The initial capacity and load factor two parameters that affect the HashMap
performance.
The default load factor (.75
) offers a good tradeoff between time and space costs. Higher values decrease the space overhead but increase the lookup cost.
When an item is added to the HashMap
, it is assigned to a buckets based on a value derived of its hashCode
and the bucket size of the HashMap
.
To identify the bucket for any , Hash map use key.hashCode()
and perform some operation:
Bucket (index) = HashMap.indexFor(HashMap.hash(key.hashCode()),
entryArray.length)
When the number of entries in the hash map exceeds the product of the load factor and the current capacity, the hash map is rehashed (internal data structures are rebuilt), so that the hash map has approximately twice the number of buckets.

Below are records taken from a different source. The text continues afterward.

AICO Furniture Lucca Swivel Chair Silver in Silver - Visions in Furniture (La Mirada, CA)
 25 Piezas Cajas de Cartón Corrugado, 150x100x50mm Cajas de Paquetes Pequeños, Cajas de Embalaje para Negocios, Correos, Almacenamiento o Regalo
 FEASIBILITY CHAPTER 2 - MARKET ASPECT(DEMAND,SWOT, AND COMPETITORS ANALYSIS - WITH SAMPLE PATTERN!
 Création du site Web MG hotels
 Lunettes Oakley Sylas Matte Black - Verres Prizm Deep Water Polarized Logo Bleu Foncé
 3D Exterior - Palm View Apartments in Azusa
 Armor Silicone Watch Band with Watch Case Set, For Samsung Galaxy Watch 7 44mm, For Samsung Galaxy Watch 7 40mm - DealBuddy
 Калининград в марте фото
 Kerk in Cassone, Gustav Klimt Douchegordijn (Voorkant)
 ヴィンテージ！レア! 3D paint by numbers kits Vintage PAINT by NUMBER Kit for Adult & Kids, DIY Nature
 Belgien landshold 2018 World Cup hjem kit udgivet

When you rehash and move everything to a new location (bucket, etc.) then the older elements are also rehashed again and stored in the new bucket according to their new hash codes. The old space which was allocated to store the elements is garbage collected.
If two thread at the same time found that now HashMap
needs re-sizing and they both try to re-size may cause race condition in HashMap
.
On the process of re-sizing of HashMap
, the element in bucket which is stored in linked list get reversed in order during their migration to new bucket because java HashMap
doesn't append the new element at tail instead it append new element at head to avoid tail traversing. If race condition happens then you will end up with an infinite loop.
I have following questions:
- Why is the linked list for each bucket be reversed in order during migration to new bucket?
- How race condition can lead to infinite loop?
- How can increasing the number of buckets diminish the lookup waiting time?
- Elements which are in the same bucket will still be together in same bucket after rehashing?